Il y a un an et demi, après avoir enchaîné les déceptions et les échecs professionnels, je me retrouve là, à 6h du matin, tenue bleue de l'usine exigée et gilet jaune. Je suis ouvrier dans une usine de tri de déchets industriels et ménagers dans la zone industrielle déprimante d'une petite ville de province. Une usine qui marche bien et qui fait du chiffre. Un fleuron, un moteur de la région, en somme. J'étais pourtant à deux doigts de devenir journaliste...
Les temps modernes
Les temps changent mais pas tant que ça. Me voici dans un nouveau monde où il n'y a pas de temps à perdre. Après cinq minutes, me voilà déjà à la chaîne, dans une cabine, à devoir trier du bois (en réalité, distinguer le bois du "faux bois") qui passe à grande vitesse sur le tapis devant moi. Mes collègues m'expliquent rapidement comment procéder mais je me sens perdu.
S'en suit un apprentissage sur le terrain, avec les indications des collègues comme seule boussole. Le chef d'équipe ne joue pas le chaperon, à moi de me débrouiller et d'éviter les blessures. Pourtant, mon corps va souffrir pendant ces mois difficiles: sciatique, allergies, membres endoloris et écorchures multiples. L'usine et son travail de sape.
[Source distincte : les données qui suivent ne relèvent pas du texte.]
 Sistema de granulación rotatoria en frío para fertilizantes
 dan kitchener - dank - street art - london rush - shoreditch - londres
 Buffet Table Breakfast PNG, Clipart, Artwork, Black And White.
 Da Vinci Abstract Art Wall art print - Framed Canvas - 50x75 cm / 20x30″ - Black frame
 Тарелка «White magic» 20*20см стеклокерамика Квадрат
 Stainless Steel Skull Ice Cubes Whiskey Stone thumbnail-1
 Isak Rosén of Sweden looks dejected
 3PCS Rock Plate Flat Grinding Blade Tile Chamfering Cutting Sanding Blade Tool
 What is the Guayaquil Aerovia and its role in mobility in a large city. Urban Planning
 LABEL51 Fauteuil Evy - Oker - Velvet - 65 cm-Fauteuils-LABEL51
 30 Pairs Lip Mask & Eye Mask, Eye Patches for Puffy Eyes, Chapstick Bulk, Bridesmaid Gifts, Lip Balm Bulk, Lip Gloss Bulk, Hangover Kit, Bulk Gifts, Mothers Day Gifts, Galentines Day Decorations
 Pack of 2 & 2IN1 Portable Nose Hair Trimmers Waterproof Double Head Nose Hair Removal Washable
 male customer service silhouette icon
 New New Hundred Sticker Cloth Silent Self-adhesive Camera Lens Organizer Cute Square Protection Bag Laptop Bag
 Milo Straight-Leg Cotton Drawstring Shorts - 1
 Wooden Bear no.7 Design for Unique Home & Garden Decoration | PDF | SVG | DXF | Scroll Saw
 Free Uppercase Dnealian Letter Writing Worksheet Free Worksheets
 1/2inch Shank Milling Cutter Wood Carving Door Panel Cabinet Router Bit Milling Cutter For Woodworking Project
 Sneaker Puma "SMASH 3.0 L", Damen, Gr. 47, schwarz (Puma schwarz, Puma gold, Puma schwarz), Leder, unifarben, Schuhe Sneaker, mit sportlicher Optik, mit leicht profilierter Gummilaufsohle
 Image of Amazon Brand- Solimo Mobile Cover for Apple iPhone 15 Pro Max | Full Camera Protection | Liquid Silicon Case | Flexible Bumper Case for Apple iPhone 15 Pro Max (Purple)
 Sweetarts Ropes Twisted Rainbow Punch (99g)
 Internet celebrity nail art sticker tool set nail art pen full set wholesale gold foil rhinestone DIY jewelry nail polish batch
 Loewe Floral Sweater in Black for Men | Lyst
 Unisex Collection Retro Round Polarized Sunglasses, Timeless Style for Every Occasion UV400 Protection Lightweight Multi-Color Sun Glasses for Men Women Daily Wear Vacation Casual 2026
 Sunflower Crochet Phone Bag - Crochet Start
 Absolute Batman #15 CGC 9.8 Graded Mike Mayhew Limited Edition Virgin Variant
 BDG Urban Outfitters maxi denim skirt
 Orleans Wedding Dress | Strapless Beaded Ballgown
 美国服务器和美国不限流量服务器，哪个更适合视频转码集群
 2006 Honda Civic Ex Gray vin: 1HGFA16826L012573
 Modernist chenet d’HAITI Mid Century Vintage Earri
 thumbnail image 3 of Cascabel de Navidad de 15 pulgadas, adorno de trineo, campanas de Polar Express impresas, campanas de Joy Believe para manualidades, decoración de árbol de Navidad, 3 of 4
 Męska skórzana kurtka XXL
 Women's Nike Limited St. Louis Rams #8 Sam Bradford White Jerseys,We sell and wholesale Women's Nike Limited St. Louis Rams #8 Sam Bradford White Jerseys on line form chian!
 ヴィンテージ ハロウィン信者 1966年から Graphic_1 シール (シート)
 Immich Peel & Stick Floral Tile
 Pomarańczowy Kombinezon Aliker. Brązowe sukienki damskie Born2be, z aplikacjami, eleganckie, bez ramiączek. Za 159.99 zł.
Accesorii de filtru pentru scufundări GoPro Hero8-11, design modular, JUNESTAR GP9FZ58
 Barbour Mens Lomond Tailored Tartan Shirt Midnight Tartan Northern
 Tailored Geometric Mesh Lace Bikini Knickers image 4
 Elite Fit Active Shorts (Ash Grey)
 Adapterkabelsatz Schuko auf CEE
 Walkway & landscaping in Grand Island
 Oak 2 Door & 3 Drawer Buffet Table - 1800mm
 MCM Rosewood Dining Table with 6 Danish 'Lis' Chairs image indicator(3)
Vos micro-ondes, vos cafetières, vos ordinateurs, vos frigos, tout ce que vous avez balancé passe par là, entre mes mains, sur ce tapis qui ne s'arrête jamais. Il y traîne parfois quelques souris, voire des chats morts... entre autres.
Nous trions le plastique, la ferraille, les piles, les câbles, les cartouches d'encre, je pourrais continuer longtemps comme ça. La liste est presque infinie.
Lentement, tous les gestes deviennent habitude et l'impression de vivre dans un film se dissipe tout doucement.
Les quelques rendez-vous avec la conseillère d'insertion semblent être des sketches tant elle n'a rien à proposer réellement. Le passage du permis de conduire, passer d'autres permis pour devenir cariste...
Somme toute, tous les moments hors de la chaîne sont autant de plaisir de pouvoir enfin respirer quelques minutes.
Quoi qu'il en soit, les rêves semblent lointains.
Si ce n'est pas Germinal, on s'en rapproche par moment. De la crasse des doigts jusqu'aux épaules, le visage parsemé de tâches de je ne sais quoi. Les jours de froid, l'usine est un congélateur ( je suis très frileux ), les jours de chaleur il fait parfois jusqu'à 40°, les mouvements sont lents et deviennent une épreuve. Il n'est rien d'enviable dans tout ceci et il faut bien être obligé de travailler ici pour le faire. Ce n'est pas un destin.
Prendre des notes chaque jour en rentrant me permet de me projeter et de trouver un peu de sens à ce que je fais. Heureusement.